As Louise Howell Graham Joan Crawford manages a wide spectrum of emotions. Her world turns toward hysteria – replete with hallucinations and all – and ends up in the psychiatric ward of a hospital after committing an unspeakable act of violence. From love struck to madness Crawford delivers. While I wouldn’t place Possessed alongside the fantastic Mildred Pierce for which Crawford won her Best Actress Oscar and in which she’s fantastic, I think Possessed poses a bigger acting challenge, which she meets with gusto. Not to mention that Crawford’s looks at this stage in her career are perfect for film noir. The hard features emphasized by her eyebrows, the clothes with the stern-looking shoulder pads and all else. It’s a natural in a sense that she play a volatile woman regardless of circumstances.
The other players in Possessed are worthy of note – the oft overlooked, but great Van Heflin is a treat in every scene he’s in although I would have liked a bit more substance to his character. And that goes double for Massey who comes off a bit stiff in his scenes opposite the highly emotional Crawford. Finally, Geraldine Brooks is quite good as an innocent, but nonetheless important contributor to Louise’s downward slide. You can take a look at the entire cast and crew list here.

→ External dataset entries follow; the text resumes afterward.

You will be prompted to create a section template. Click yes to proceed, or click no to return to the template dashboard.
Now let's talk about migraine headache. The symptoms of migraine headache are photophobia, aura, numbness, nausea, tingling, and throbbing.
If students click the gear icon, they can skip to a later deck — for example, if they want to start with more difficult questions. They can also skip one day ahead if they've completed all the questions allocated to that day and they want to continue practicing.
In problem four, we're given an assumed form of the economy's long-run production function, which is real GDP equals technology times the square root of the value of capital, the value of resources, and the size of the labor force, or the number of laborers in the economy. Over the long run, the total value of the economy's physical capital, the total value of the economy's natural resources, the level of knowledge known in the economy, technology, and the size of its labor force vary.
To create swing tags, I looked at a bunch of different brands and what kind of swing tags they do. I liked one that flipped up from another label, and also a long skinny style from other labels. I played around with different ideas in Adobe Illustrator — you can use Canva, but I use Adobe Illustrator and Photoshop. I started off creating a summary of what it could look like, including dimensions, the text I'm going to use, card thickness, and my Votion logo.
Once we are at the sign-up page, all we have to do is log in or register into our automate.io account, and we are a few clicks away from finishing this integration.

If you haven’t seen Possessed you must. Aside from watching Crawford flex her acting muscles and the great look of the film, which emphasizes Louise’s psychology in a sense and in true film noir style, you also get a bit of a spin from the “normal” formula of the genre. You see Joan does not play the femme fatale role in this as one would expect. Instead what would be described as the “fatale” is played by a man, which is interesting.

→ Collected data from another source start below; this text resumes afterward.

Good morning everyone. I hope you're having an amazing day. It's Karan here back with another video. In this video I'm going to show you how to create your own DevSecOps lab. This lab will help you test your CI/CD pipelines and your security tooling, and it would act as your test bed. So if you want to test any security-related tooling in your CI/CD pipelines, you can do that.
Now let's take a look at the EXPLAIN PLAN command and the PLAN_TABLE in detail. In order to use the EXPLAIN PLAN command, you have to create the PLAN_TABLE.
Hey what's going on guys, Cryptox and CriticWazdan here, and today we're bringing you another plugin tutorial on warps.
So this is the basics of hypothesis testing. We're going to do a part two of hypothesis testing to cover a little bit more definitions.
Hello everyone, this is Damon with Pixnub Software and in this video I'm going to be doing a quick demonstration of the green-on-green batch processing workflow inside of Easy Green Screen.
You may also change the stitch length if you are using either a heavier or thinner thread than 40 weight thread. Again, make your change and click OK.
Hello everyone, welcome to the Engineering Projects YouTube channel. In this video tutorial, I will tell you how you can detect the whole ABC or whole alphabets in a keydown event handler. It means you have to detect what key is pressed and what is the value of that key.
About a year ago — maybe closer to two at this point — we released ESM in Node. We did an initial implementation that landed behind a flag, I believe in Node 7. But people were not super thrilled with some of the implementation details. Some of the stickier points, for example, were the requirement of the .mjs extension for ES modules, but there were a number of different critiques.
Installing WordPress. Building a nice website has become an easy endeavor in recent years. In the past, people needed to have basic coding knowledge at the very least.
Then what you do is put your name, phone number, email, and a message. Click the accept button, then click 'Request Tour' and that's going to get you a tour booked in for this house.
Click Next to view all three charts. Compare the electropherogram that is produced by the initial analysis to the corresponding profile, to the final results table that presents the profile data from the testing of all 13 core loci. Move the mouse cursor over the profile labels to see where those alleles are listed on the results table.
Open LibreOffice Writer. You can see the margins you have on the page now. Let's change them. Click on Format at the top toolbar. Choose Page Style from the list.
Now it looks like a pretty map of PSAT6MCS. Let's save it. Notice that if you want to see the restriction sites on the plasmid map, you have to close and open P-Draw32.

I might add that I rewatched Possessed in the midst of the material pertaining to existentialism and psychology as offered in the ‘Into the Darkness: Investigating Film Noir‘ course presented by TCM in conjunction with the network’s Summer of Darkness film festival. The week’s lectures heightened my enjoyment of this movie as a supreme example of the alienation, hopelessness, self-worth issues and existential attitudes so prevalent in films noir. If you happen to be a fan of noir these attitudes and so forth are something you not only expect, but enjoy (although that probably sounds sick). However, it was quite something putting faces, if you will, to each “idea” as it manifests itself in this movie.
As an aide – the 1947 Possessed is the second film titled Possessed that Joan Crawford stars in, which makes her the only star to appear in two completely different films with the same title. The first was the Clarence Brown-directed 1931 pre-code, which was the third of the eight movies Crawford made with Clark Gable and my favorite of the lot. In fact, I love that movie and Joan’s performance in it stands high on my list of favorites as well. Is this a bonafide Joanie love fest or what?!

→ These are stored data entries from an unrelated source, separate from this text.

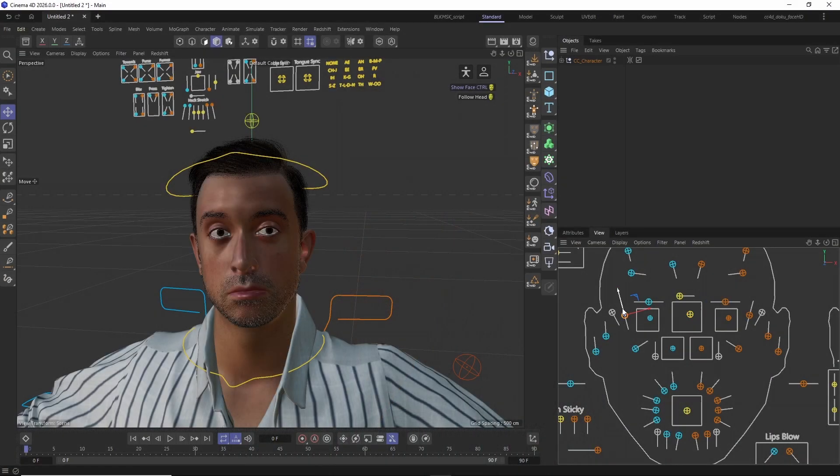This update brings support for Character Creator 5 characters and the CC5 HD facial profile with the new CC4D FaceRig HD.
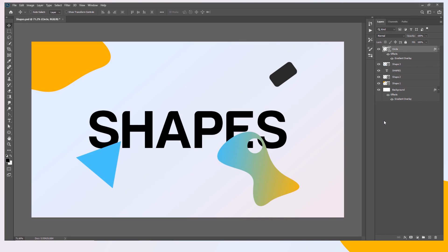That's how you copy shapes from After Effects to Photoshop. If you found this video helpful, please leave a like — it would mean a lot to me. And don't forget to keep your mind awake. Bye.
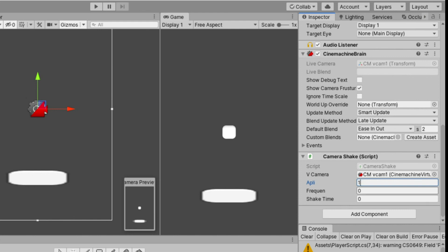All you need to do now is adjust the values, depending on how you want your camera shake will look like.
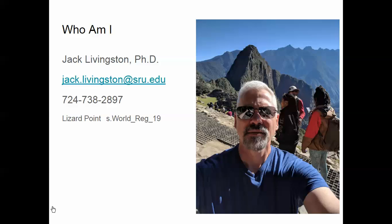The other thing you'll notice is Lizard Point, which is going to be our place name quizzes. Our class designation for that is lowercase s then period world underscore reg underscore 19. Make sure that you use the case-sensitive way of entering that, and we'll get to that in a later video.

This Possessed commentary is my submission to the 1947 Blogathon co-hosted by two of the all-time great bloggers – Karen of Shadows and Satin and Kristina of Speakeasy. You MUST visit their sites as they host a fantastic array of submissions dedicated to 1947, a fantastic year in the movies.
As for Joan – well, she followed Possessed with Otto Preminger’s Daisy Kenyon also released in 1947 so clearly that was a hefty year for one of Hollywood’s great legends. To end with an interesting anecdote…
Joan’s co-stars in Daisy Kenyon are Dana Andrews and Henry Fonda who usually found the set a very uncomfortable level of freezing. Crawford’s contract, you see, stipulated that the set be kept at a low temperature so her co-stars could do little, but put up with it. Except that Joan, ever the professional, did what she could to ensure their comfort. She bought them both long underwear. Ever fascinating. That’s Joan Crawford, Queen of Catatonia, in 1947.